BTW, Walker, I now must admit slight, grudging respect for that punk K. Chesney, he listed a good Dwight song on his itunes celebrity playlist.
Did you get a chance to watch a tape of the CBS Cash tribute? (I almost offed myself upon hearing brad paisley sing "I shot a man in Reno...")
Did you get a chance to watch a tape of the CBS Cash tribute?
No, I forgot to set my VCR. Were there any performances I should kick myself for missing?
This is yet another problem that would cease to exist once we do away with copyright.
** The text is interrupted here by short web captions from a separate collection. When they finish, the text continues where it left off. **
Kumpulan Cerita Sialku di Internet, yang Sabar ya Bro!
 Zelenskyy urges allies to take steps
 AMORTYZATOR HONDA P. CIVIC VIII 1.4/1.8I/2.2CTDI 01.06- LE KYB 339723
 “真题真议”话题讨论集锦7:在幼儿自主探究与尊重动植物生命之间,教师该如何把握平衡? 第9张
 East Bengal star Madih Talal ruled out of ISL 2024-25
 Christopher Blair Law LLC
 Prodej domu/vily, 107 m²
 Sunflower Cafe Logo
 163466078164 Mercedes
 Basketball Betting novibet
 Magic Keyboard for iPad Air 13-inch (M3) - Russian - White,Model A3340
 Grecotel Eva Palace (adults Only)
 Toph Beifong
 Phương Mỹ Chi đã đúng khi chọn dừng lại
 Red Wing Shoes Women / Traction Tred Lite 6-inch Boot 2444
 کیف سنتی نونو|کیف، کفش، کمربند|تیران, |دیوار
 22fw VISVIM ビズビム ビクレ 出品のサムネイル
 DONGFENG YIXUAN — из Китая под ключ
Byrne is wrong in one respect in his posting. This provision of the DMCA was clearly aimed at protecting the bloated mediocrity that is ClearChannel and Infinity Broadcasting, rather than protecting the record companies. Since the FCC already functions as a protection racket for Big Radio, why not the LOC, as well?
Hell, Warren, why not just do away with recording artists?
Good article on the tangled copyright web here:
http://www.utexas.edu/law/faculty/treese/Miami_Fi.pdf
I had a heck of a time getting my radio station on the air because of the four song restriction. I mix my bands with real, professional bands on my show. It was hard to stay within the four song limit.
Still, I am glad they let me make the station. It is linked in my sig if anyone is curious. The registration is quick and free for just basic listening. Check it out!
But further to my previous:
In my case the 4 song limit was being applied against songs I wrote and recorded using my own (and nice various bandmates) time and money, limiting my songs on a radio station that I pay to have online. I felt slightly hosed. Its not like I was trying to play 5 or 6 missy elliot -- just 5 or 6 of *my* unassigned songs.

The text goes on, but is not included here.